Task details
Copy, word for word, the line containing "Super White / Charcoal 2009 Toyota Camry SE" and each line that follows it in the entries below; pictures do not belong in the copy.

Image-caption web data
>>>>>
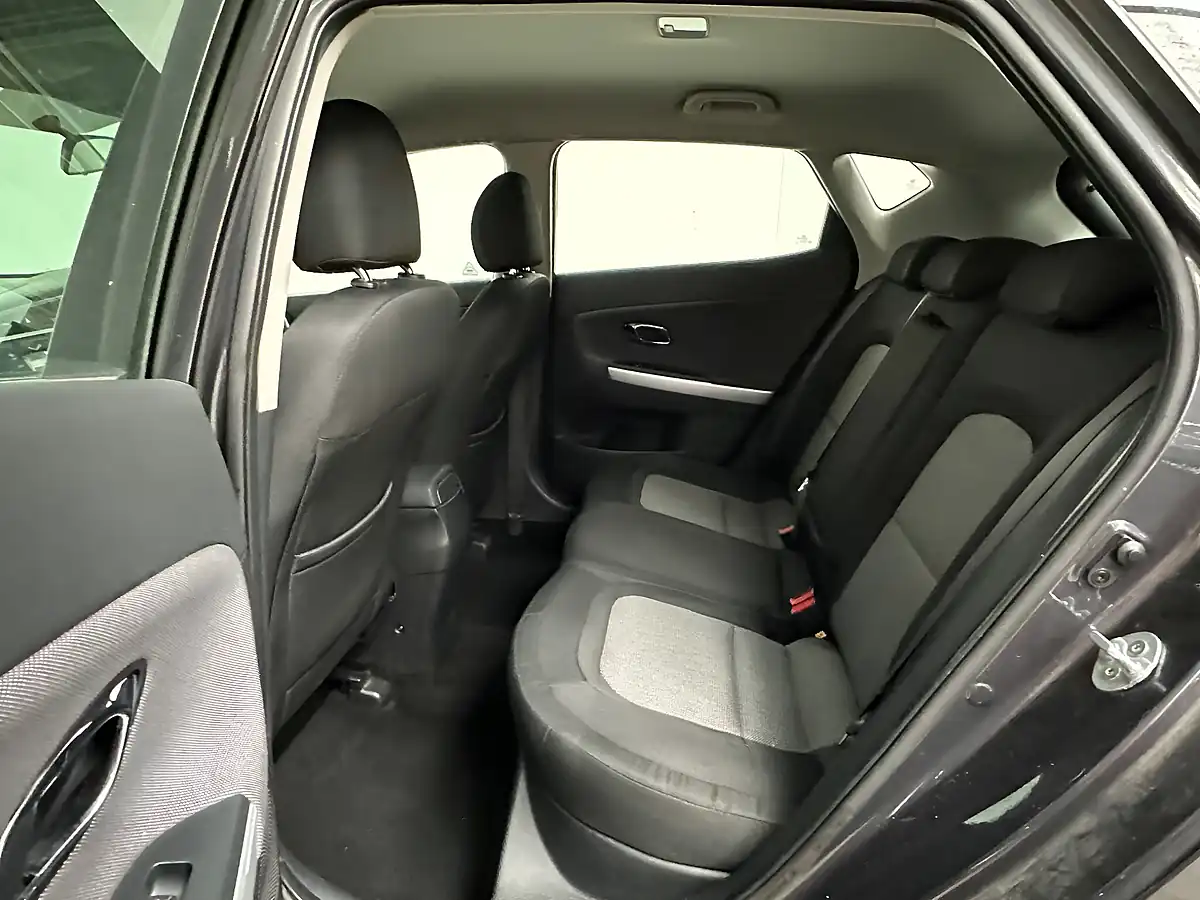 Used 2018 Kia Ceed 2 Silver - Interior and Exterior details 10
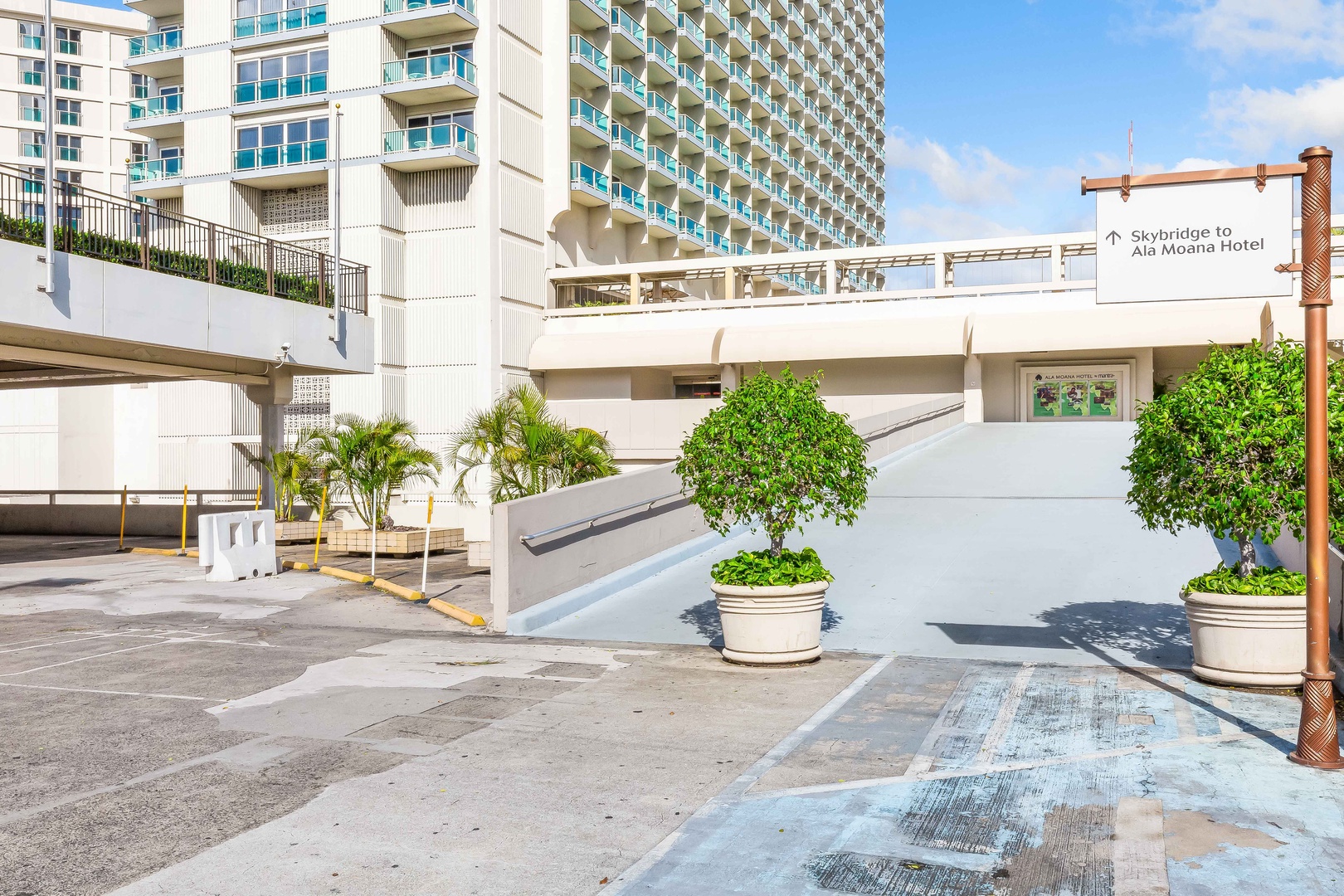 Castle at Ala Moana Back Entrance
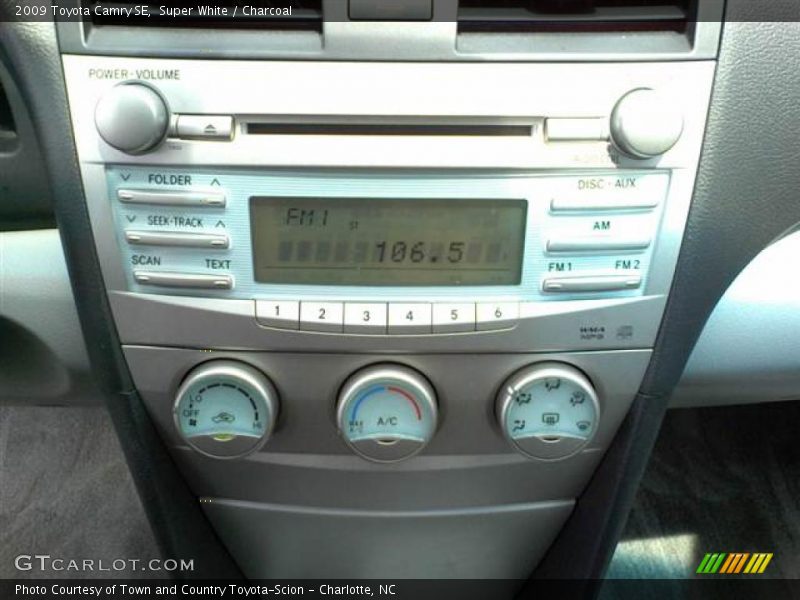 Super White / Charcoal 2009 Toyota Camry SE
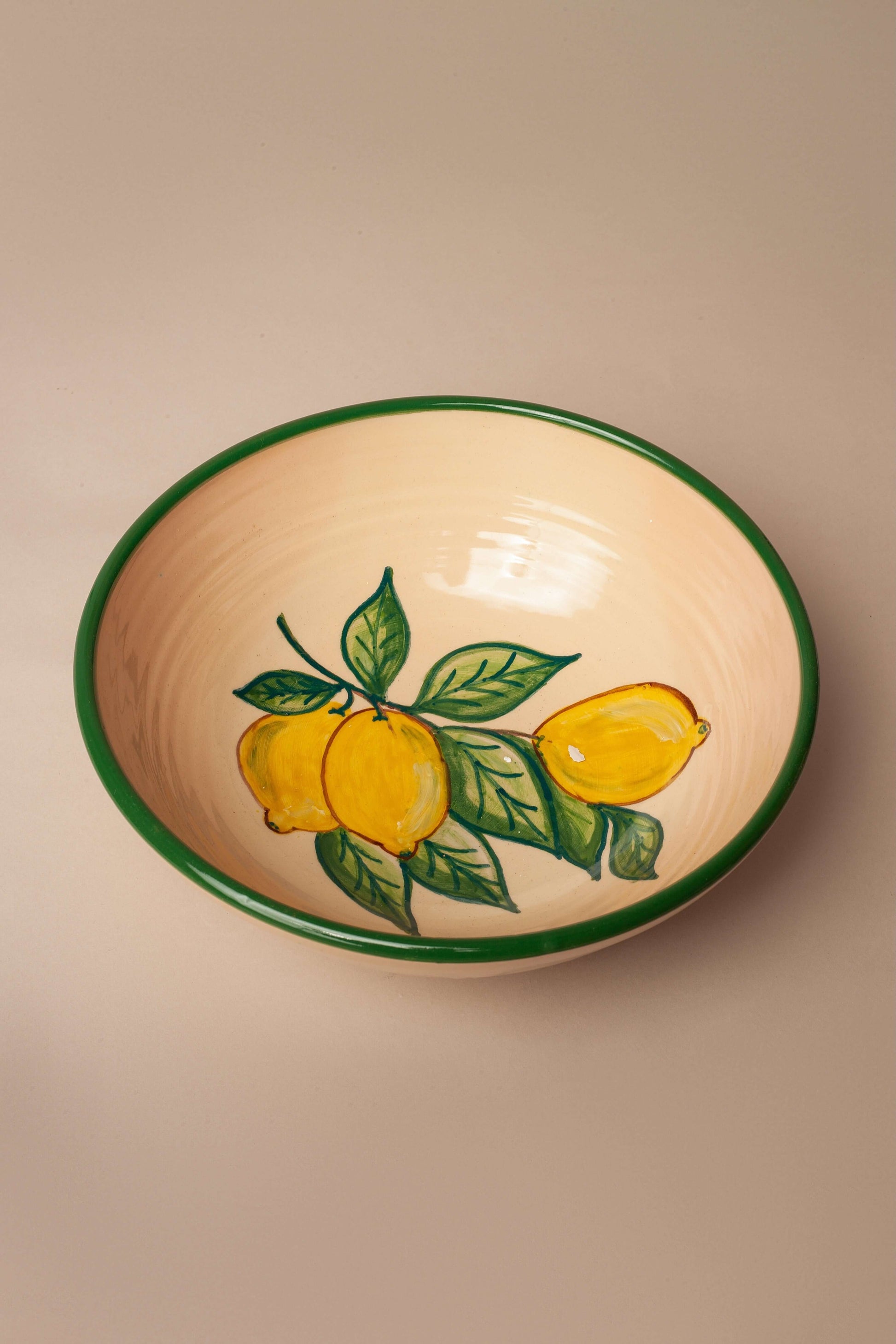 Vista superior ensaladera cerámica 30cm con limones pintados y borde verde - bowl artesanal español para ensaladas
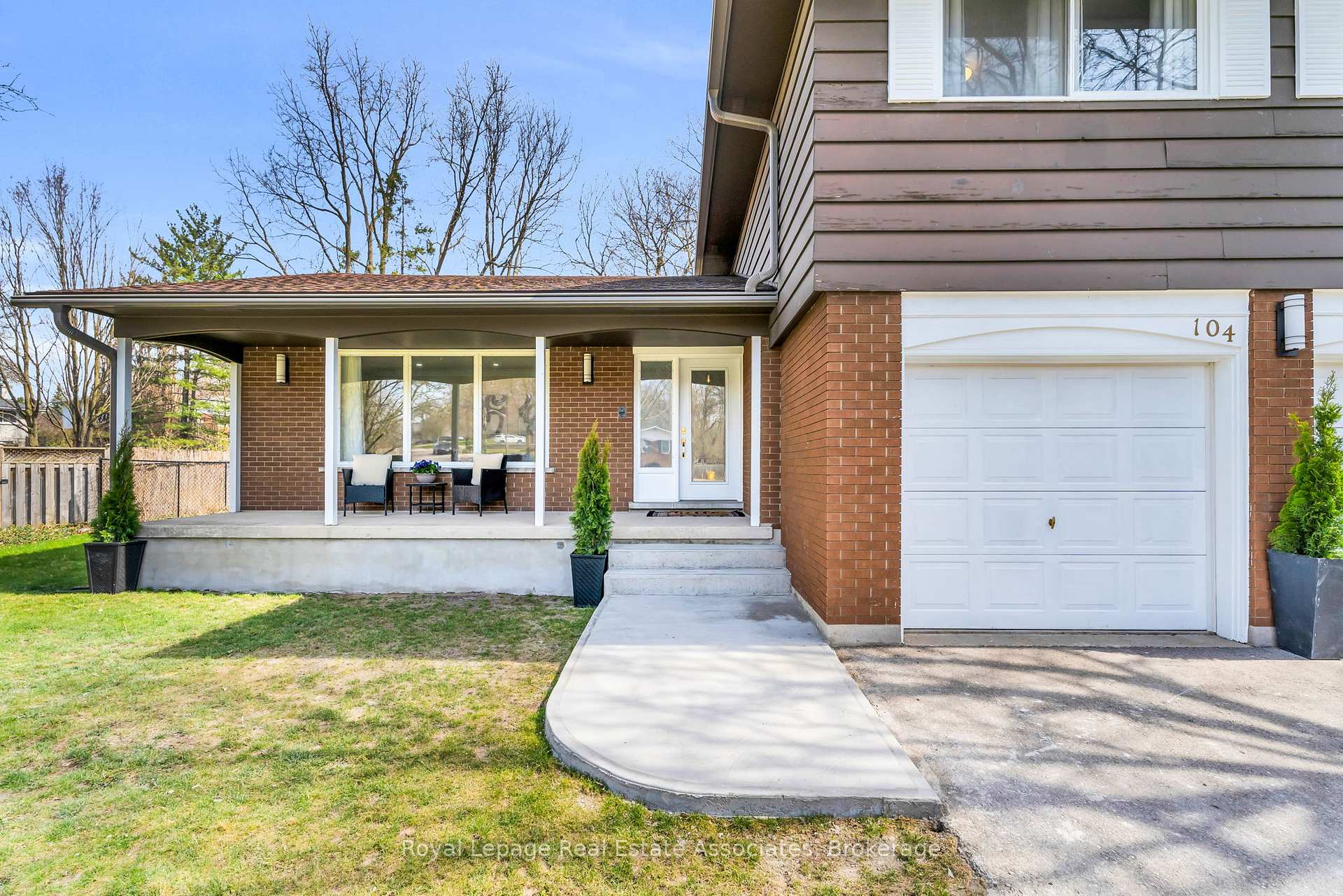 Photo 8 of 104 Cardinal Crescent S, Waterloo — HOMEH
<<<<<
Exercise output
 Super White / Charcoal 2009 Toyota Camry SE
 Vista superior ensaladera cerámica 30cm con limones pintados y borde verde - bowl artesanal español para ensaladas
 Photo 8 of 104 Cardinal Crescent S, Waterloo — HOMEH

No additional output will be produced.